Channels: Position, Size, (Grey)Value, Texture, Color, Orientation, Shape

• Points: Strongest visual variable; Suitable for all data types
• Sometimes not available
• Cluttering
• Size & Length: Good visual variable; Easy to see whether one is bigger; Grouping works
• Good for aligned bars
• OK for changes in length
• Bad for changes in area
• Shape: Great to recognize many classes
• No grouping, ordering
• Value: Good for quantitative data when length & size are used; Supports grouping; Is preattentive if sufficiently different
• Not very many shades recognizable
• Color: Good for qualitative data; Is preattentive if sufficiently different
• Limited number of classes
• Not good for quantitative data
• Lots of pitfalls!
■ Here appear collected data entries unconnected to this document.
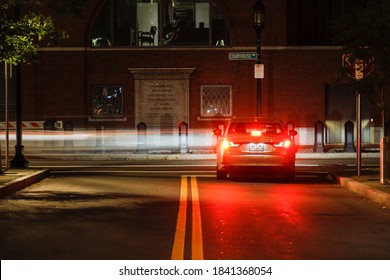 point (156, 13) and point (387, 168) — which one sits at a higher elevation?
point (156, 13)

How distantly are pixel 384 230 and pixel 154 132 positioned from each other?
24.2 m

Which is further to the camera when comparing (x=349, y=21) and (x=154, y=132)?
(x=154, y=132)

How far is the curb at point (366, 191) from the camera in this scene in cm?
1434

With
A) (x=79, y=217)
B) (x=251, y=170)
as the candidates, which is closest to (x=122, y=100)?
(x=251, y=170)

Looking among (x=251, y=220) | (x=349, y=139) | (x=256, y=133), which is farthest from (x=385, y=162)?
(x=349, y=139)

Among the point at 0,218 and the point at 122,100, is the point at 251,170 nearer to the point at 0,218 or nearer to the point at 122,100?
the point at 0,218

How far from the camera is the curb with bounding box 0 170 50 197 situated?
1590 centimetres

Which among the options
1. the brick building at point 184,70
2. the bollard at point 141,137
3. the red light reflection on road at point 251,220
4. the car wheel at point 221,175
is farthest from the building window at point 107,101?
the red light reflection on road at point 251,220

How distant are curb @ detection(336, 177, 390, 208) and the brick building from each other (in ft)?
56.6

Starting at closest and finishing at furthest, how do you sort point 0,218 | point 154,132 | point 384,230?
point 384,230, point 0,218, point 154,132

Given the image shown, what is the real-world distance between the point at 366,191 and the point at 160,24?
2193 centimetres

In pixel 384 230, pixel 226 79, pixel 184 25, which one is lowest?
pixel 384 230

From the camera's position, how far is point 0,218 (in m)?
12.6

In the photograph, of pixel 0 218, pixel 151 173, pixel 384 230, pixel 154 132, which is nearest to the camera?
pixel 384 230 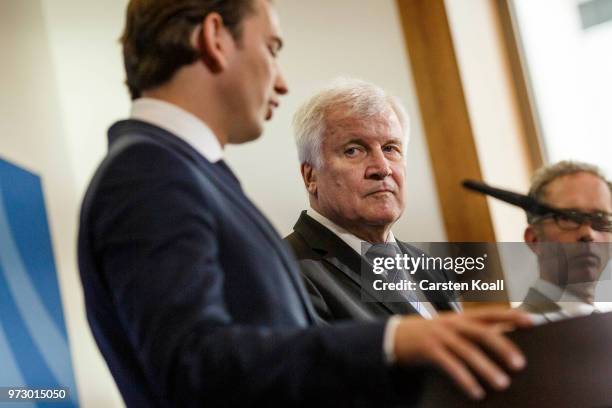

Be careful!

### Characteristics of Visual Variables:

• Selective: Is a mark distinct from other marks?
• Associative: Does it supporting grouping?
• Quantitative: Can we quantify the difference between two marks?
• Order: Can we see a change in order?
• Length: How many unique marks can we make?

## Lec.4 Interaction

### The Shneiderman Mantra: Overview first, zoom and filter, and details on demand.

• Focus + Context
• Filtering
• Zooming
• Animation

TBD

## Lec.6 Data Visualization Process & Graphs

• Target
• Choose a specific domain
• Define research question(s)
• Find & clean the data
• Translate (What? 80%)
• Exploratory data analysis
• Transform & summarize data
• Design (How? 20%)
• Design visual encodings
• Sketch many ideas!
• Implement
• Use code “sketches”
• Define data structures
• Find efficient algorithms
• Validate
• Is the visualization effective?
• Does it support the tasks?
• Does it provide new insights?

Comparisions: Bar Chart, Waterfall Chart, Dot Plots

Bar Chart vs. Line Chart: Line implies trend. Do not use for categorical data.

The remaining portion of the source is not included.